State of Residence: VA
Age: 62; 3 children, all completed education, 2 married.
Desired Asset allocation: 50/40 stocks/bonds, with 10 % REIT, Precious Metals as inflation hedge
Desired International allocation: 1/3 of the stocks (i.e., 16%)
Current Investment Assets (following rollover of CBP and 401(k) plans = approximately 2M. Of that amount, the majority (2/3) is in “qualified” money, chiefly rollover IRA’s.)
Taxable (approx 30% of total):
10% cash
14% VTSAX (Total Stock Market Index Fund) – ER 0.06%
01% VTIAX (Total International (ex-US) Stock Index Fund) – ER 0.18%
03% “legacy” stocks – BRK B, MSFT, T, VZ (T, VZ inherited from Mom – been in family for generations)
01% VGSLX (REIT Index Fund) – ER 0.10%
Non-Taxable (approx 70% of total):
49% Cash
14% VTSAX (Total Stock Market Index Fund) – ER 0.06%
03% “legacy” stocks, as above
05% USAGX (also a legacy, USAA Gold/Precious Metals) – ER 1.17%!
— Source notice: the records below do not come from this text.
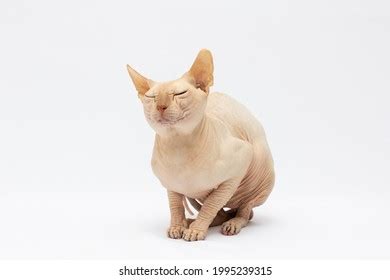 Canadian Sphynx Cat Breed Cat Naked Stock Photo Shutterstock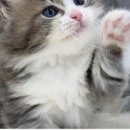 라온캣 대구고양이분양 낭만펫 강아지분양 대구점 이미지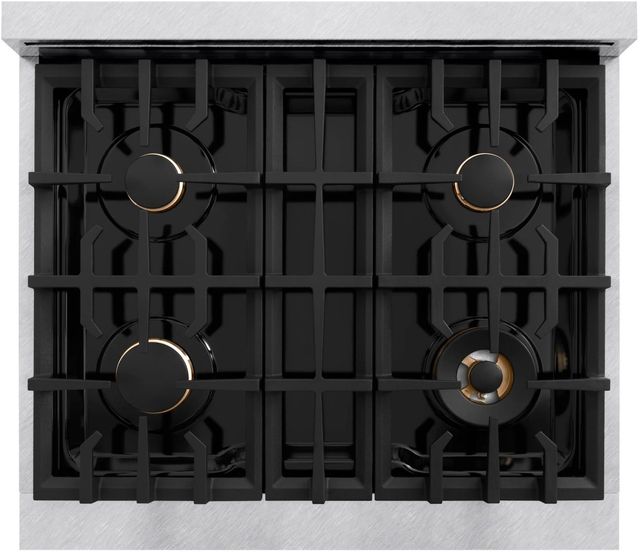 ZLINE Classic Autograph Edition 30" Satin Stainless Steel Pro Style Dual Fuel Range with Champagne Bronze Accents-3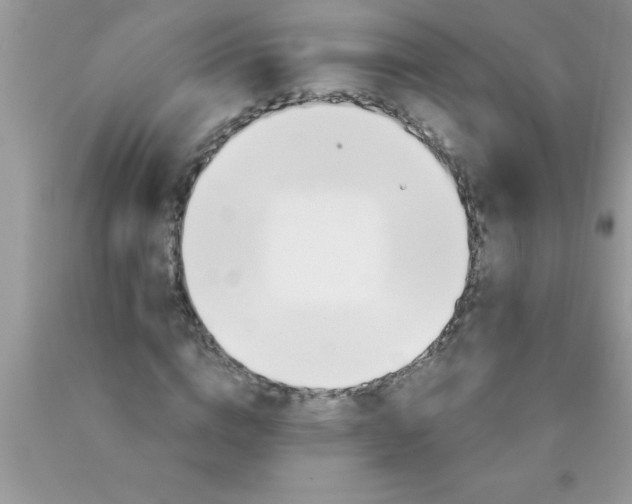 X0000089850824200707262106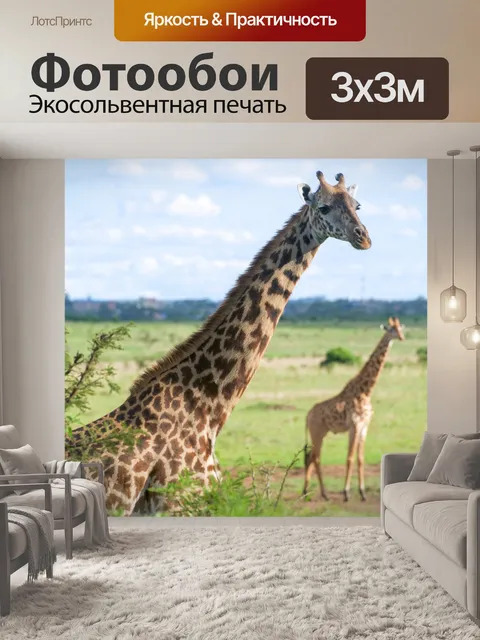 Фотообои Дикие жирафы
Contributions – I anticipate no new significant contributions, as I am entering the “consumption phase”. It is important to note, however, that I am currently receiving a US Navy retirement pension of $25k annually, and as near as I can estimate, I can now start Soc Sec withdrawals at about the same rate($25k/yr), or wait another 7 years and add maybe 40% to that figure.
Goals: Income from these accounts over my remaining days, whilst minimizing my tax burden, is my primary goal. Leaving residual estate to the kids will follow. Or not.
Questions:
1. My primary goal is income of 100k per year. ½ of that will come from Soc Sec and USN pension, so 50k from retirement funds listed above would mean withdrawal at 2.5% per year on average, which seems to me to be pretty conservative. How does one time the withdrawals from the accounts in up vs. down years?
2. Also, I would ask for advice/strategies for moving qualified funds to the taxable side in the most tax-efficient manner, both in the near-term, and in 7 years when the RMD kicks in. I think the current breakpoint for 15-25% federal is 36,250, and after that I hit the 25% break to 28% at 87,850. It seems possible that I have been caught in a tax trap – I put so much into qualified accounts that I will end up paying the piper (IRS) more than I would have if I had just avoided the “tax shelter.”
3. Finally, the question I addressed above, i.e., help with which accounts to put which assets in for maximum tax efficiency. As I noted, I will re-read the wiki article, probably several times, but any sound advice or further explanation would be much appreciated.